Japanese automaker Honda said Thursday that its net profit for the nine months to December 2012 more than doubled to $3.2 billion as strong sales in North America and cost-cutting offset a strong yen.

The Honda Motors logo is displayed on a car in front of the Tokyo headquarters on July 30, 2010. Honda said Thursday that its net profit for the nine months to December 2012 more than doubled to $3.2 billion thanks to sales gains and cost-cutting.

The nation's third-biggest automaker said the net profit of 291.4 billion yen was up from 139.9 billion yen in the same period the previous year, while sales jumped 28.7 percent to 7.13 trillion yen.

However, it trimmed its net profit forecast to 370 billion yen for the year to March, down from a previous 375 billion yen.

This week Japan's biggest automakers -- Toyota, Nissan and Honda -- announced record sales for 2012, underscoring their recovery from the 2011 quake-tsunami that hit demand and production, while also highlighting strength in Asian and US markets.

Honda, Japan's number-three automaker, said it logged sales of 3.81 million vehicles for calendar 2012, up from 3.09 million in 2011.
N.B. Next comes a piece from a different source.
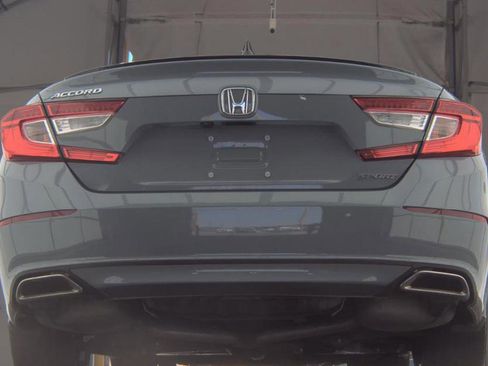 Used 2022 Honda Accord Sport image 7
That helped offset weakness in debt-hit Europe and a downturn in China stemming from a diplomatic row that sparked a consumer boycott of Japanese goods in China, the world's biggest vehicle market.

In October, Honda blamed the spat with Beijing, as well as a strong yen, for a 20 percent cut to its annual profit forecast.

The long-standing row flared in September when Tokyo nationalised some of a tiny East China Sea archipelago that is also claimed by Beijing, setting off huge demonstrations across China and the boycott.

Japanese factories and businesses across China temporarily closed or scaled back operations over fears of being targeted by angry mobs.

In a bright spot for Japanese manufacturers, the yen has weakened as a new conservative government swept to power with promises to fix the economy and press the central bank for aggressive easing measures.

Analysts say Japanese automakers would likely see a boost in their results as the weaker yen makes their products more competitive overseas and affects the value of income earned overseas.

"The recent yen depreciation is sizeable enough to allow major Japanese carmakers to boost profit," said Tatsuya Mizuno, auto analyst at Mizuno Credit Advisory in Tokyo.